The Oil Bubble

A few months I argued with a friend (guess who) about oil’s rapid rise to $147 a barrel. He said demand from India and China was causing the price increase, I said a speculative bubble. Now that the price has dropped to $61 a barrel, I’d say the bubble has popped and we are now approaching the actual value of petroleum. An investment banker friend of mine confirmed my suspicions during a discussion of the price elasticity of gasoline. When asked about the cause of the recent rise and fall in the price of gasoline he answered:  

Speculation. Prices became detached from supply and demand fundamentals. The “invisible hand” pushed prices back down to equal the new lower demand.
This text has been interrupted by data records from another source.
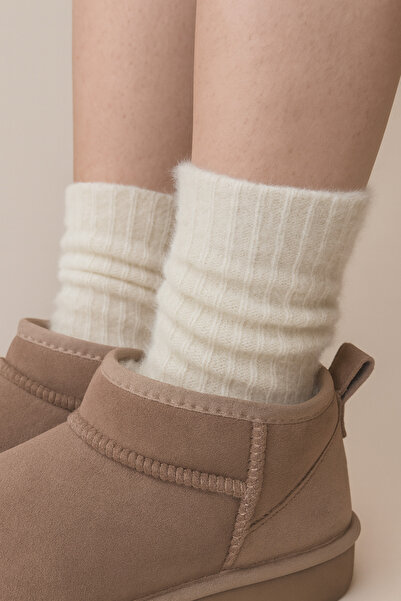 shefox 2 Pairs of Women's Corded Fabric Soft Textured Soft Boot Socks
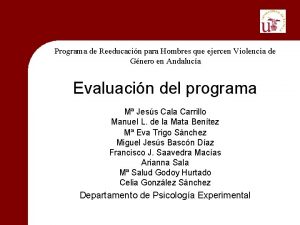 Programa de Reeducacin para Hombres que ejercen Violencia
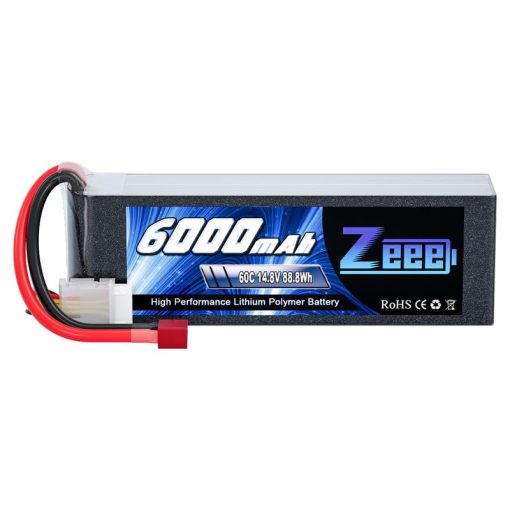 Bateria Lipo Zeee 4S 6000mAh 60C 14.8V con Estuche Suave y Conector Deans Compatible con Aviones RC Quadcopters Helicopteros Coches Camiones Barcos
The lowered demand though is indeed a function of lowered quantity demand (def some endogeneity), which was itself a function of higher prices, and the higher price was really a function of the commodity markets, which had become disconnected from s&d and was being pushed up by speculators and the persistent supply-side fears. So there was stable supply but demand was driven by higher prices than what the equilibrium would have predicted. Quant. Supply > quant. Demand caused prices to go down. It’s been awhile since we’ve seen demand-side pulls have an effect. Take away is that because consumers weren’t 0% inelastic, supply and demand reached a new equilibrium that resulted in lowered prices. If we were 0% elastic, than even if there was a disconnect from s&d equilibrium, we’d still demand the same amount. We didn’t witness that. People stopped driving.   

 

(Note: this is Zoe’s boyfriend, and he sounds like a textbook)

2 Responses to “The Oil Bubble”

  1. boose Says:

    relying on experts to verify our cases? Tsk tsk.

  2. Michael Says:

    I’m relying on the fact that oil futures have decreased almost 60% in the last month, with an expert explanation to back me up.

    Unless you think demand dropped THAT much to cause that kind of price cut.